Strasbourg – The Capital of Alsace
Located in the heart of Europe, Alsace has a strong cultural identity and has changed nationalities four times between German and France. Some residents speak Alsatian, a regional dialect that is a mixture of French and German. Strasbourg is endowed with a rich historical past and a remarkable architectural and cultural heritage. Because of the city’s unique cultural significance, the city center of Strasbourg, “La Grande Ile,” has been classified as a UNESCO World Heritage site and includes Notre Dame de Strasbourg Cathedral and the district of “La Petite France”.
Alsace has three mains urban areas: Strasbourg, known for its prominence as the European capital and regional metropolis, Mulhouse, the industrial capital of the Upper Rhine, and Colmar, the administrative capital of the Upper Rhine. The Alsace Region is endowed with a strong cultural identity and has changed its nationality four times between Germany and France—this history is one of the reasons that Strasbourg became the ideal location for the European Parliament and an epicenter for European collaboration. Alsace is known for their Franco-German traditions and gastronomy, including Tarte Flambée, Sauerkraut, wine, and its Christmas market.
The city of Strasbourg is comprised of ten neighborhoods, each of them with its own unique charm. Bordered by the Roberstau forest, the Rhine and the Ill Rivers; Robertsau (pronunciation: Row-bear-tso) is one of the northern neighborhoods of Strasbourg. In this neighborhood, you will find the Chateau de Pourtàles (your home for the semester), the Brussière Farm, as well as countless restaurants, supermarkets, pharmacy, fresh food market, bakeries, and many ATM machines. Roberstau is also served by Strasbourg’s bus system (Line 1 and 15A) and by the tram (Line E).
Strasbourg’s German Neighbor: Kehl
The Franco-German relationship is strong, and the EU Parliament’s position in Strasbourg is symbolic of the friendship and trust between the two countries. Thus, it is little surprise that Kehl, the small German city across the Rhine, is easily accessible from Strasbourg via the bus, tram, car, and pedestrian footpath. Many Germans living in Kehl commute to Strasbourg for work, and vice-versa. It is also not uncommon for people in Strasbourg to commute across the Rhine to pick up their groceries.

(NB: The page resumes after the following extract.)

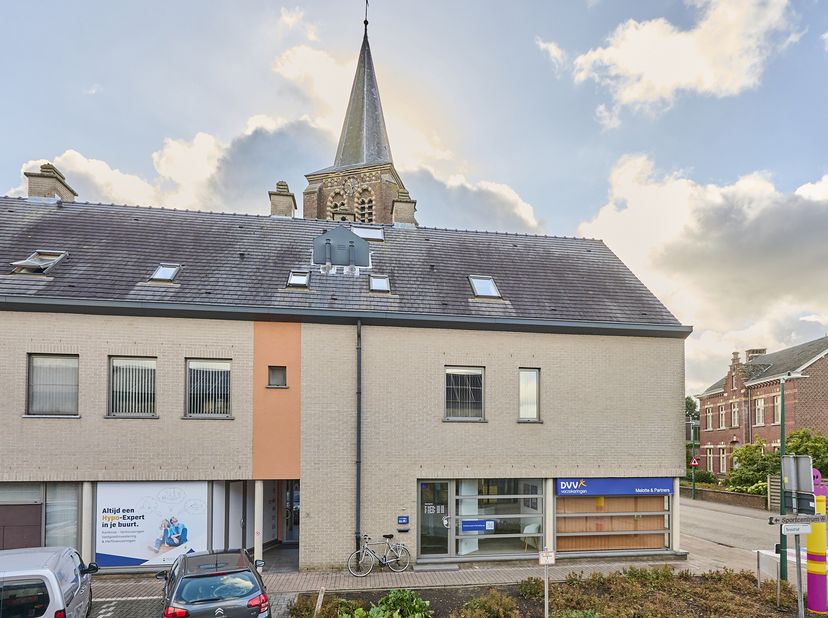 Op zoek naar een veelzijdige handelsruimte met topligging? In het centrum van Meeuwen, pal onder de kerktoren, is dit ruime handelsgelijkvloers van 18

European Institutions in Strasbourg
As a symbol of Franco-German reconciliation, Strasbourg was chosen in 1949 as the host city for the Council of Europe and is now the seat of many European institutions, including European Parliament, the Council of Europe, and the European Court of Human Rights. The city and the urban community are part of the Eurodistrict and play an active role in many European and international network.